> **Problem details**:
Please, in the data that follows, copy exactly the lines from the line with "Vlag van de staat Kansas Voetbal (Voorkant)" through the last one, both included. Do not include pictures.

> **Extracted material**:

• • • • •

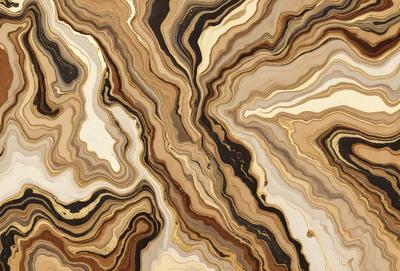 The primary subject of the image is a close-up of a wood grain pattern, showcasing the intricate details and textures of the wood. The setting is a wooden surface, possibly a table or a piece of furniture. The visual style is a close-up of the wood grain, emphasizing the natural patterns and textures. The colors and mood of the image are warm and earthy, with the wood grain providing a natural and organic feel.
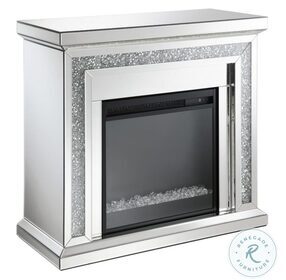 Lorelai Mirrored Rectangular Freestanding Fireplace Mirror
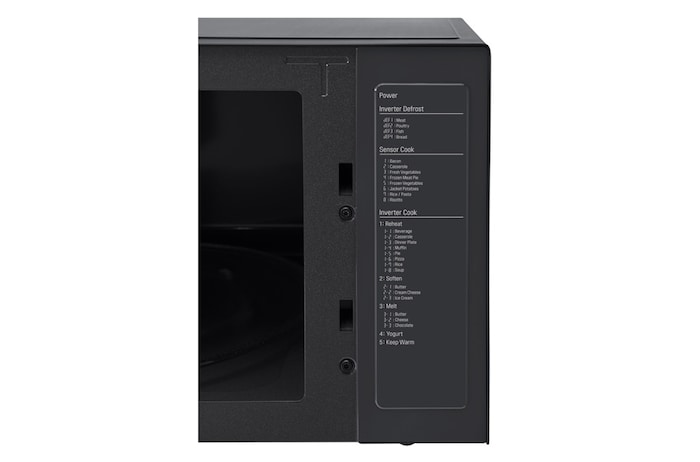 Front view LG MS4266OBS NeoChef, 42L Smart Inverter Microwave Oven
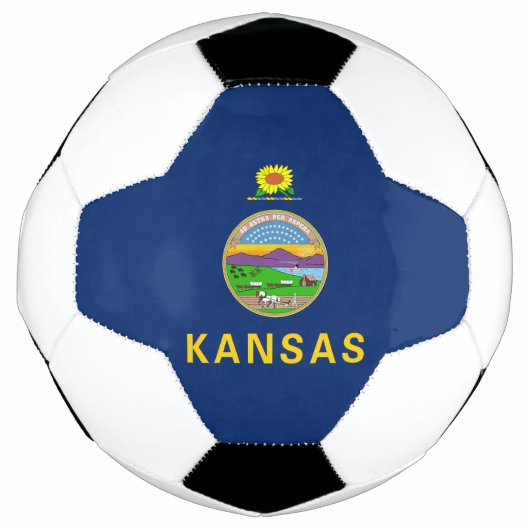 Vlag van de staat Kansas Voetbal (Voorkant)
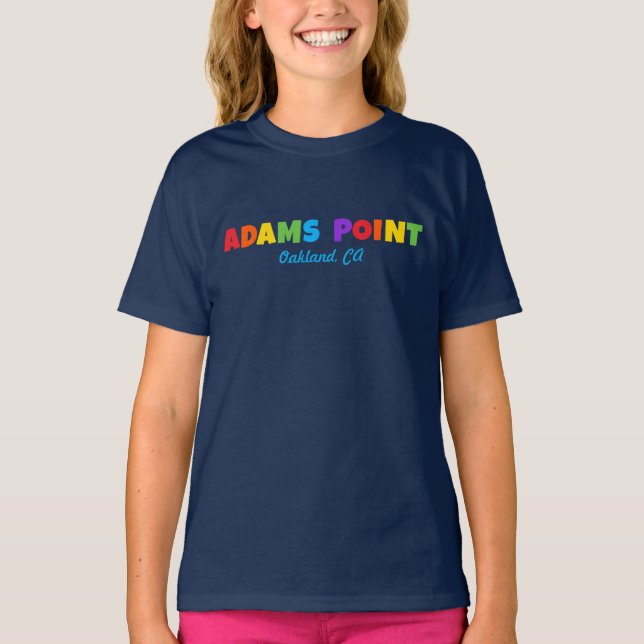 Adams Point / Fairyland Kids T-Shirt (Framsida)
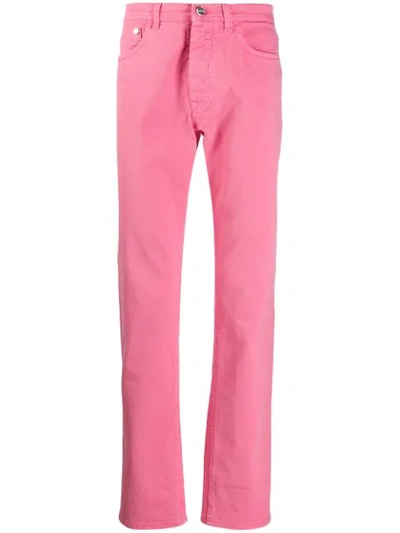 Iceberg Slim Fit Jeans In Pink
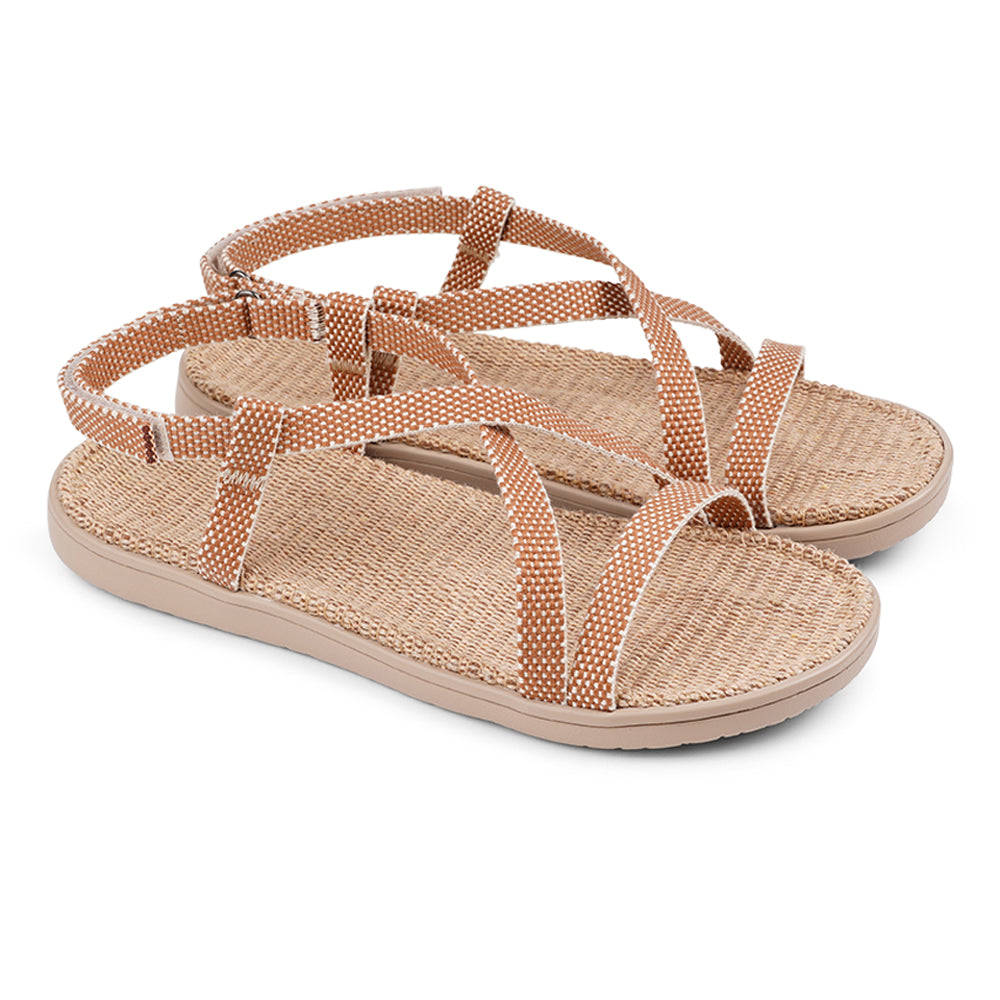 Lovelies Dei Due Mari Sandals, Soft rubber sole with cotton straps. 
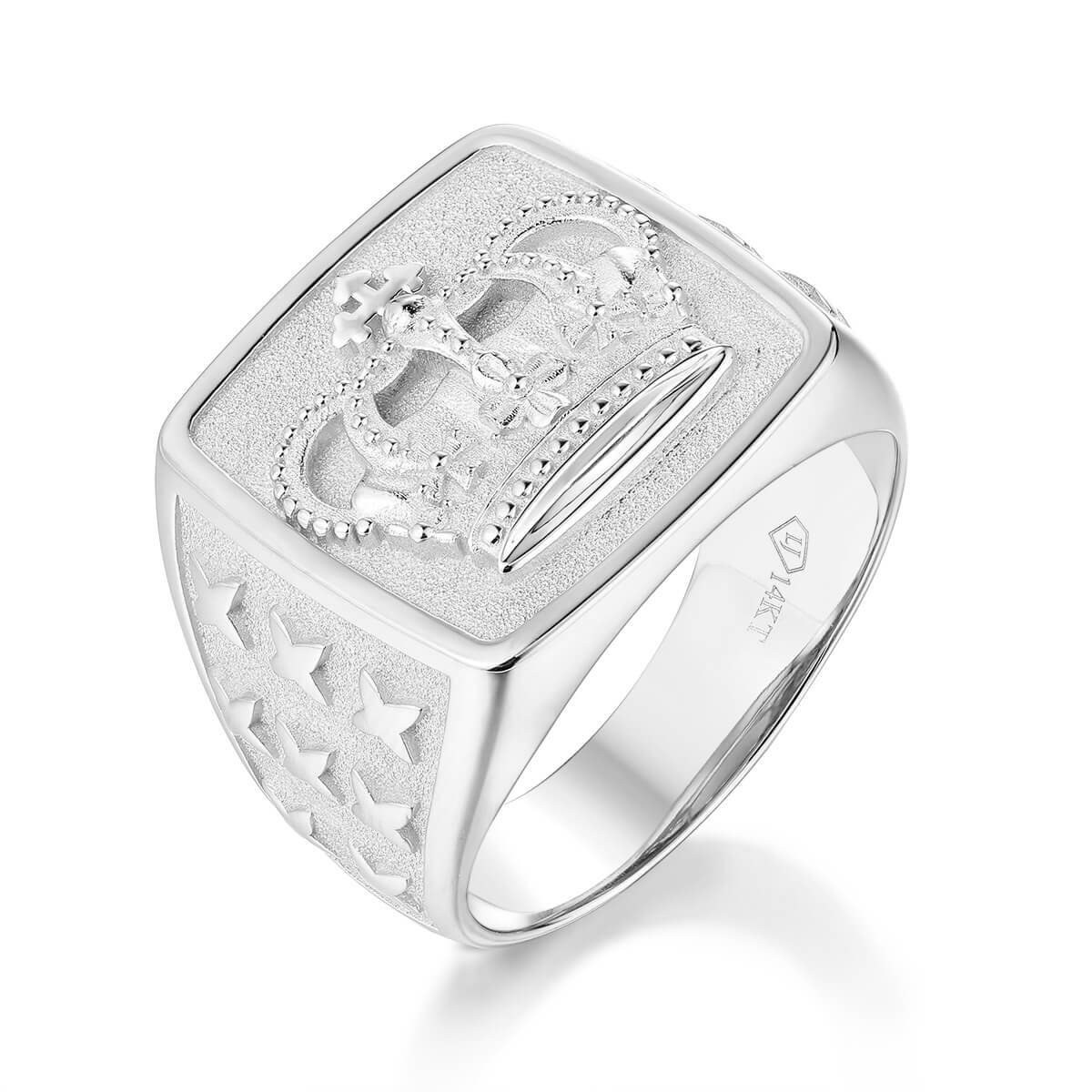 Crown the King Ring – Solid Gold Men's Royal Ring | Liry's Jewelry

• • • • •

> **Solved exercise**:
 Vlag van de staat Kansas Voetbal (Voorkant)
 Adams Point / Fairyland Kids T-Shirt (Framsida)
 Iceberg Slim Fit Jeans In Pink
 Lovelies Dei Due Mari Sandals, Soft rubber sole with cotton straps. 
 Crown the King Ring – Solid Gold Men's Royal Ring | Liry's Jewelry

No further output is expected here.